Pourquoi pas, après tout. On peut estimer que Barre a le droit de dire ce qu'il veut, même des bêtises, et c'est mon cas. Il ne s'agit pas de défendre l'homme, ni de défendre ce qu'il a dit, mais de militer pour la liberté d'expression, qui est aujourd'hui menacée de partout. Si l'on raisonne ainsi, Dray et Bayrou ont donc eux-aussi le droit légitime de le critiquer, de lui répondre. Et c'est ça, l'intérêt du débat. Tenter de trouver la vérité par l'échange. Sauf que dans ce cas précis, il s'agit plus d'anathèmes que d'arguments. Repris par Le Monde du 6 mars, qui titre : "la polémique enfle autour des propos antisémites de Raymond Barre". Le Monde a visiblement choisi son camp. Est-ce le rôle des journalistes? Le Figaro a choisi un titre plus objectif : "Accusé d'antisémitisme, Barre réplique".

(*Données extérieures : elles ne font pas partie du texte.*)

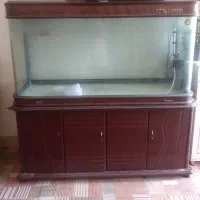 آکواریوم با شیشه خارجی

SOS racisme et la Ligue des droits de l'homme, elles, ont franchi un second cap, qu'il faut réprouver avec force : ces associations qui représentent le politiquement correct le plus abouti veulent traîner Barre en justice. Les mêmes qui défendaient il y a tout juste quelques semaines la liberté d'expression de Charlie Hebdo (parce qu'elles jugent que ce que ce journal écrit ou dessine est DIGNE d'être défendu) la dénient à l'ex-maire de Lyon. On aurait le droit d'insulter les musulmans mais pas les Juifs. Hé oui, on peut tout dire, mais faut pas exagérer non plus... Si tu dévies du droit chemin fixé par la loi (on se croirait dans un Etat policier), je t'attaque en justice. Et en t'attaquant en justice, je ferme le débat en imposant un point de vue par la force.